How to Fine-tune a Model Like ChatGPT in Spanish Using Alpaca-LoRA

April 22, 2023

NLP

No Comments

ChatGPT is one of the most advanced language models available today, capable of producing human-like responses to a wide range of natural language inputs, including conversations, articles, and even creative writing. It has been trained on a massive amount of diverse data, allowing it to understand and generate text in a wide range of topics and styles.

Due to its exceptional performance, ChatGPT has been widely adopted for various applications, such as language translation, chatbots, and content generation. As a result, it has become an essential tool for many businesses, researchers, and developers who are looking to leverage the power of natural language processing in their work.

But did you know that you can fine-tune ChatGPT for specific use cases? In this guide, we’ll explore how you can do just that using Alpaca-LoRA.

What is that? Alpaca is an LLM based on Meta AI’s LLaMA 7B model, with 7 billion parameters, and Low-rank adaptation (LoRA) is a technique for fine-tuning model which leverage much smaller models and more memory efficient, which means that we don’t need as bigger GPU to be able to do the training, text generation, etc.

In this blogpost you will learn how you can fine-tune ChatGPT for Spanish with Alpaca-LoRA and take your NLP skills to the next level!

“Are you interested in learning more about data science and advancing your career?

Look no further than Pluralsight!

Don’t miss out on this opportunity to take your career to the next level.”

Visit: https://pluralsight.pxf.io/DVX5jy today to get started!

Content:

The data
The Model
Evaluation
- Generation Function
- Text Generation
Final words

1. The Data

The Stanford Alpaca project fine-tuned the Llama model using a dataset consisting of over 52,000 records in English.
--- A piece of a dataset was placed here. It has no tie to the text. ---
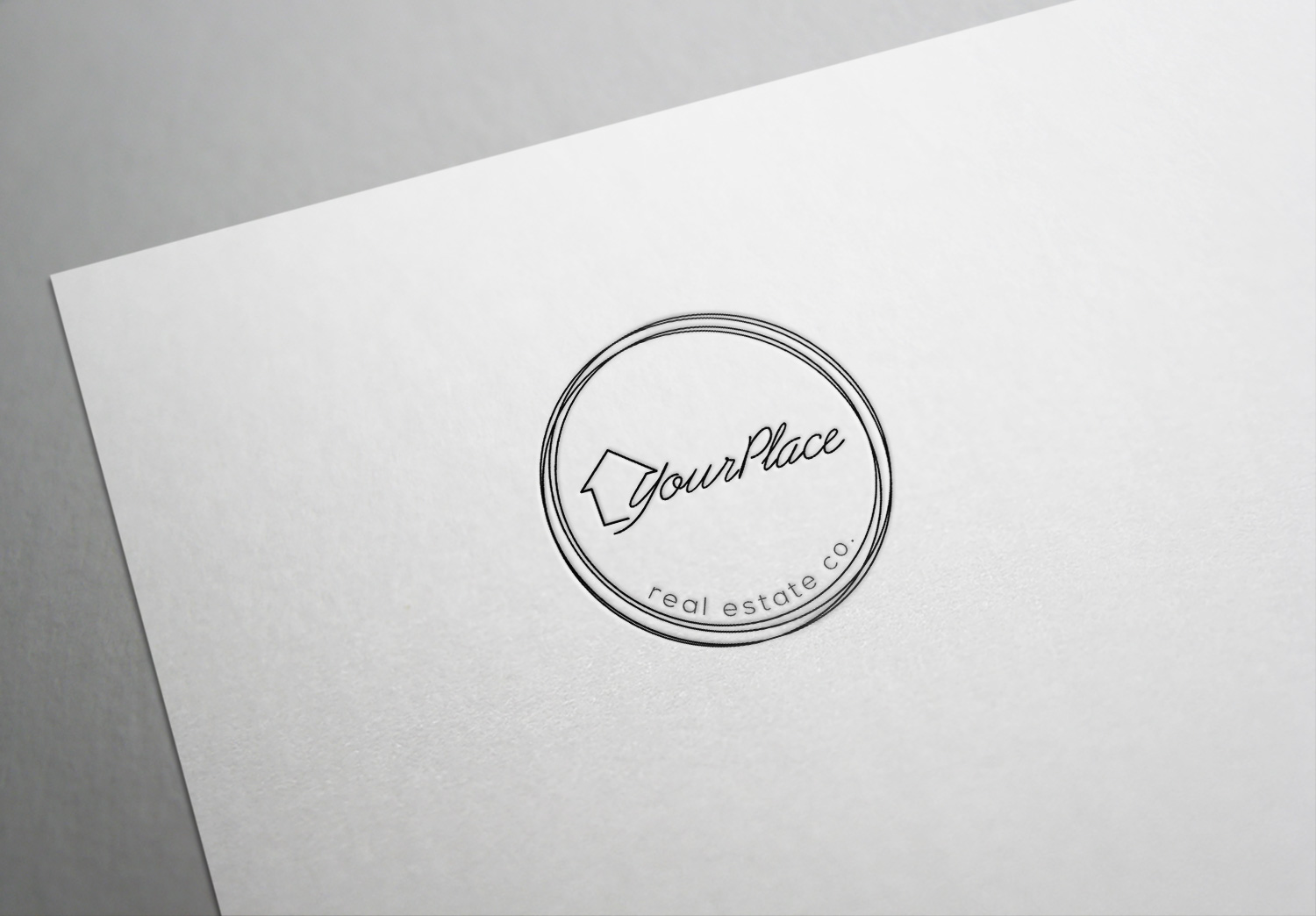 Diseño de Logo por Deziners Zone para este proyecto | Diseño #19157933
For more information on this dataset, please refer to the official data repository here.

To give you an idea of what the training data looks like, here’s an example:

    {
        "instruction": "Give three tips for staying healthy.",
        "input": "",
        "output": "1.Eat a balanced diet and make sure to include plenty of fruits and vegetables. \n2. Exercise regularly to keep your body active and strong. \n3. Get enough sleep and maintain a consistent sleep schedule."
    },
    {
        "instruction": "What are the three primary colors?",
        "input": "",
        "output": "The three primary colors are red, blue, and yellow."
    },
    {
        "instruction": "Describe the structure of an atom.",
        "input": "",
        "output": "An atom is made up of a nucleus, which contains protons and neutrons, surrounded by electrons that travel in orbits around the nucleus. The protons and neutrons have a positive charge, while the electrons have a negative charge, resulting in an overall neutral atom. The number of each particle determines the atomic number and the type of atom."
    },

In this blogpost we will fine tunig the model for Spanish so we need to translate the dataset, you can select any method you already know for translation.

Below is an snipet code showing the library I used to translate the dataset:

  
from easygoogletranslate import EasyGoogleTranslate
import json
import glob
import tqdm
import concurrent.futures

translator = EasyGoogleTranslate(
    source_language='en',
    target_language='es',
    timeout=10
)

def load_file(file):
    with open(file, "r") as f:
        return json.load(f)

files = glob.glob("/alpacadata/*.json")
files = sorted(files, key=lambda x: int(x.replace(".json", "").split("_")[-1]))

items = []
with concurrent.futures.ProcessPoolExecutor(max_workers=100) as executor:
    futures = [executor.submit(load_file, file) for file in files]
    for future in tqdm.tqdm(concurrent.futures.as_completed(futures), total=len(futures)):
        items.append(future.result())

with open("/alpaca-translated/alpaca_data_translated.json", "w") as f:
    json.dump(items, f, indent=4, ensure_ascii=False)

The translation process generates a file to train our model named: “alpaca_data_translated.json”.

Remember that You can find all the code in this repo.

Now we load the data as a torch dataset:

  
from datasets import load_dataset, Dataset

data = load_dataset("json", data_files="alpaca_data_translated.json")

data = data.shuffle()

2. The Model:

2.1 Definition

We are fine tuning the Stanford Alpaca Lora which is a pre-trained language model developed by researchers at Stanford University, which is based on the LLaMA LLM model released by Meta. The specific task, in this case, is casual Language Modeling task (LLM).

To fine-tune the Stanford Alpaca Lora for the casual LLM task, we need to define a specific model architecture and tokenizer. Both are taken from HuggingFace:

  
model = LLaMAForCausalLM.from_pretrained(
    "decapoda-research/llama-7b-hf",
    load_in_8bit=True,
    device_map="auto",
)
tokenizer = LLaMATokenizer.from_pretrained(
    "decapoda-research/llama-7b-hf", add_eos_token=True
)

model = prepare_model_for_int8_training(model)

config = LoraConfig(
    r=LORA_R,
    lora_alpha=LORA_ALPHA,
    target_modules=["q_proj", "v_proj"],
    lora_dropout=LORA_DROPOUT,
    bias="none",
    task_type="CAUSAL_LM",
)
model = get_peft_model(model, config)
tokenizer.pad_token_id = 0

2.2 The prompt format creation

Time to prepares data for the task. To do this, the data is tokenized and a prompt format is added.

A function called generate_prompt is created for this purpose, which takes a data_point as input. If the data_point has an “input” key, the function returns a string that includes an instruction, input, and output field. If there is no “input” key, it only returns a string with an instruction and output field.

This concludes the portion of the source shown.